**Exercise goal**
The reply should hold every line of the listing exactly, and none of its images.

**Data excerpt**
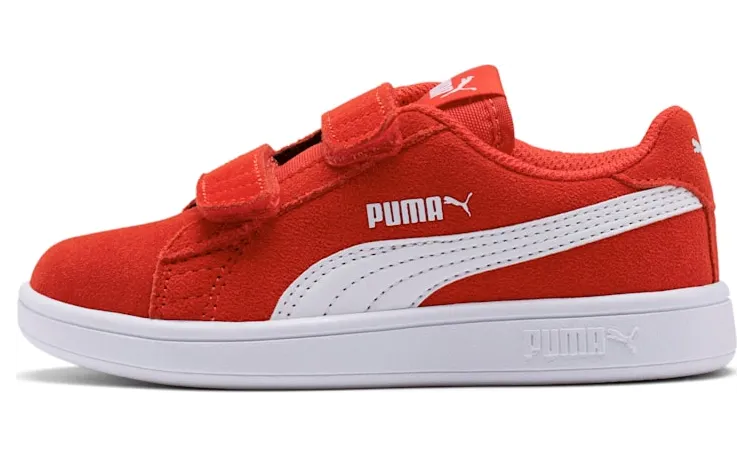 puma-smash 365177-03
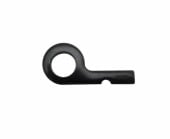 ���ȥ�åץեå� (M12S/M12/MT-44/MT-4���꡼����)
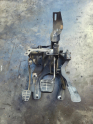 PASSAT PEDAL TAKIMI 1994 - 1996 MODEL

**Task output**
 puma-smash 365177-03
 ���ȥ�åץեå� (M12S/M12/MT-44/MT-4���꡼����)
 PASSAT PEDAL TAKIMI 1994 - 1996 MODEL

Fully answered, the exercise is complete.